* Directions for this task
Where the records below reach the line containing "Northern Flicker (Yellow-shafted)", start transcribing, and end with the line containing "Kitten Yoga", exactly and with nothing else added.
################
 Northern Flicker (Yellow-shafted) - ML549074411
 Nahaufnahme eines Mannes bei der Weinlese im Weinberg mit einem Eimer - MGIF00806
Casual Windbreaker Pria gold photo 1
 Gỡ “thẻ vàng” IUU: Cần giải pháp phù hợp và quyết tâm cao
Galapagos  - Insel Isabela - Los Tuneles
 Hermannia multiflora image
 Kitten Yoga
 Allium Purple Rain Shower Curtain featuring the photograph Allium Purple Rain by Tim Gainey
################
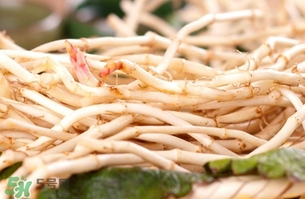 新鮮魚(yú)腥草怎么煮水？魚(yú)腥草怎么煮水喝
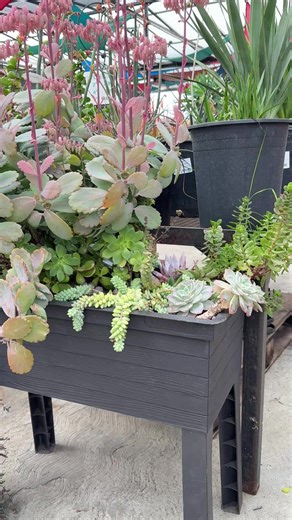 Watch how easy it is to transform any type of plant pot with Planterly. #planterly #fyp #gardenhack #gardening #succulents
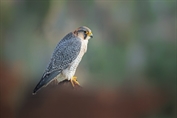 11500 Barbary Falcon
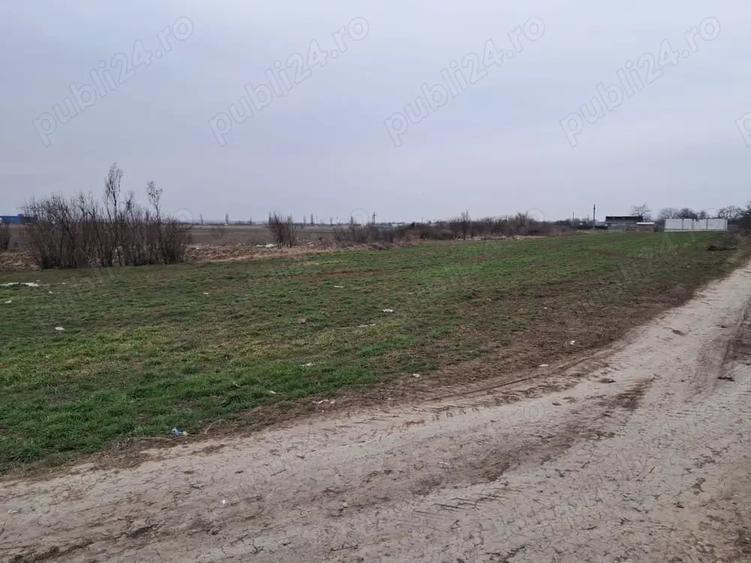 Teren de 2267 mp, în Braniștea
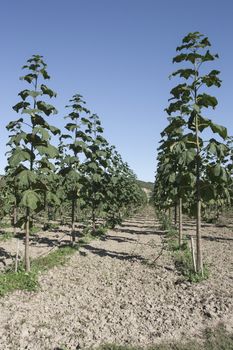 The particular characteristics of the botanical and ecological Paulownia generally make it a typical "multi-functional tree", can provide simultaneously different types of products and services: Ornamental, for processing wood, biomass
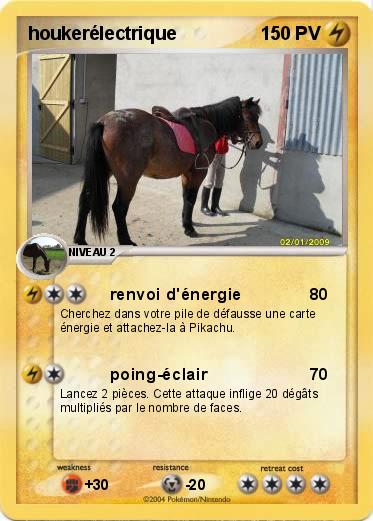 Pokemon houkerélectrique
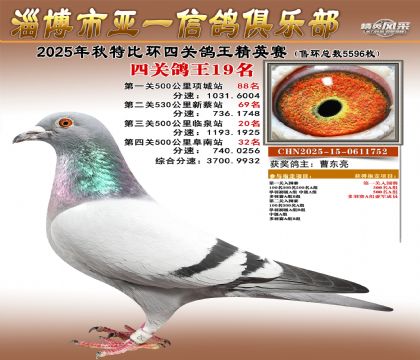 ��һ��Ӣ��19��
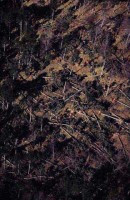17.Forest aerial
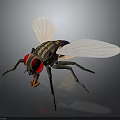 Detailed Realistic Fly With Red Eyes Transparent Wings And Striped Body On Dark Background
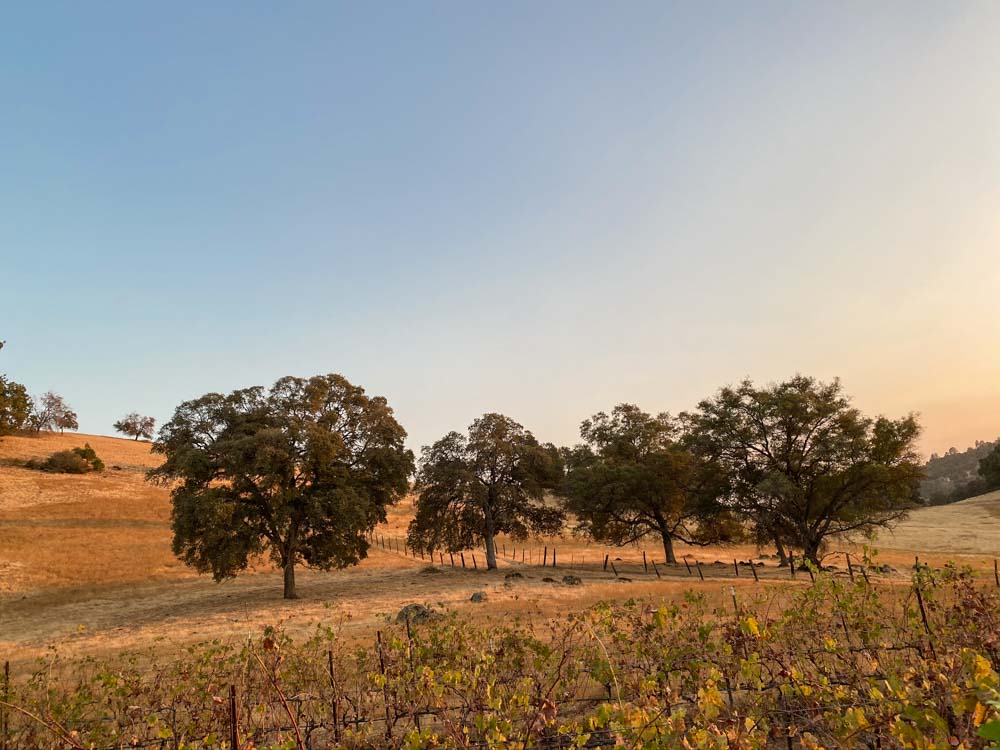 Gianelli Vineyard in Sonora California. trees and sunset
################
* Output
 Northern Flicker (Yellow-shafted) - ML549074411
 Nahaufnahme eines Mannes bei der Weinlese im Weinberg mit einem Eimer - MGIF00806
Casual Windbreaker Pria gold photo 1
 Gỡ “thẻ vàng” IUU: Cần giải pháp phù hợp và quyết tâm cao
Galapagos  - Insel Isabela - Los Tuneles
 Hermannia multiflora image
 Kitten Yoga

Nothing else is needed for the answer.